_Task description_
Print all the records below exactly as they stand, but leave out the pictures.

_Scraped caption text data_
● ● ● ● ● ● ●
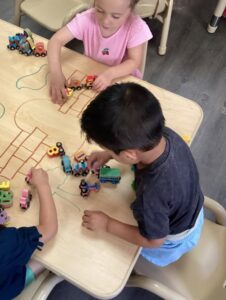 young boy playing with toys in classroom at cadence academy preschool and daycare in dupont washington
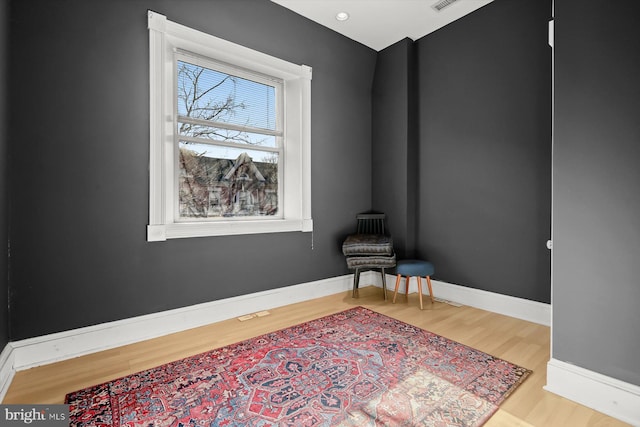 sitting room with light hardwood / wood-style floors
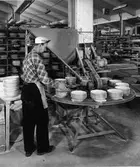 En man synar porslinet vid Gefle Porslinsfabrik.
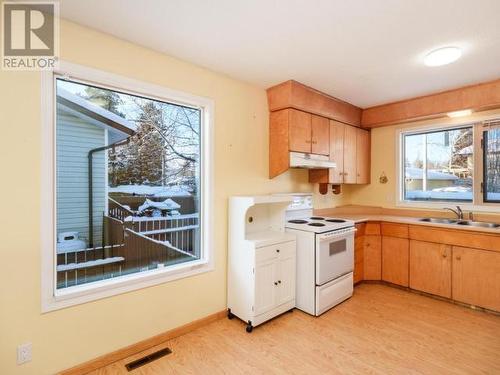 60 Klondike Road, Whitehorse, YT - Indoor Photo Showing Kitchen With Double Sink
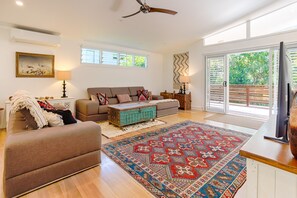 A spacious living room with a sofa, a coffee table, and a television.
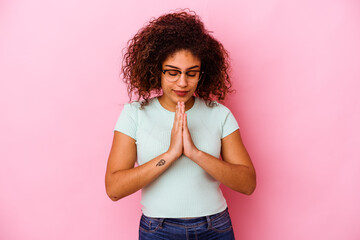 Young african american woman isolated on pink background praying, showing devotion, religious...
● ● ● ● ● ● ●
_Solution_
 young boy playing with toys in classroom at cadence academy preschool and daycare in dupont washington
 sitting room with light hardwood / wood-style floors
 En man synar porslinet vid Gefle Porslinsfabrik.
 60 Klondike Road, Whitehorse, YT - Indoor Photo Showing Kitchen With Double Sink
 A spacious living room with a sofa, a coffee table, and a television.
 Young african american woman isolated on pink background praying, showing devotion, religious...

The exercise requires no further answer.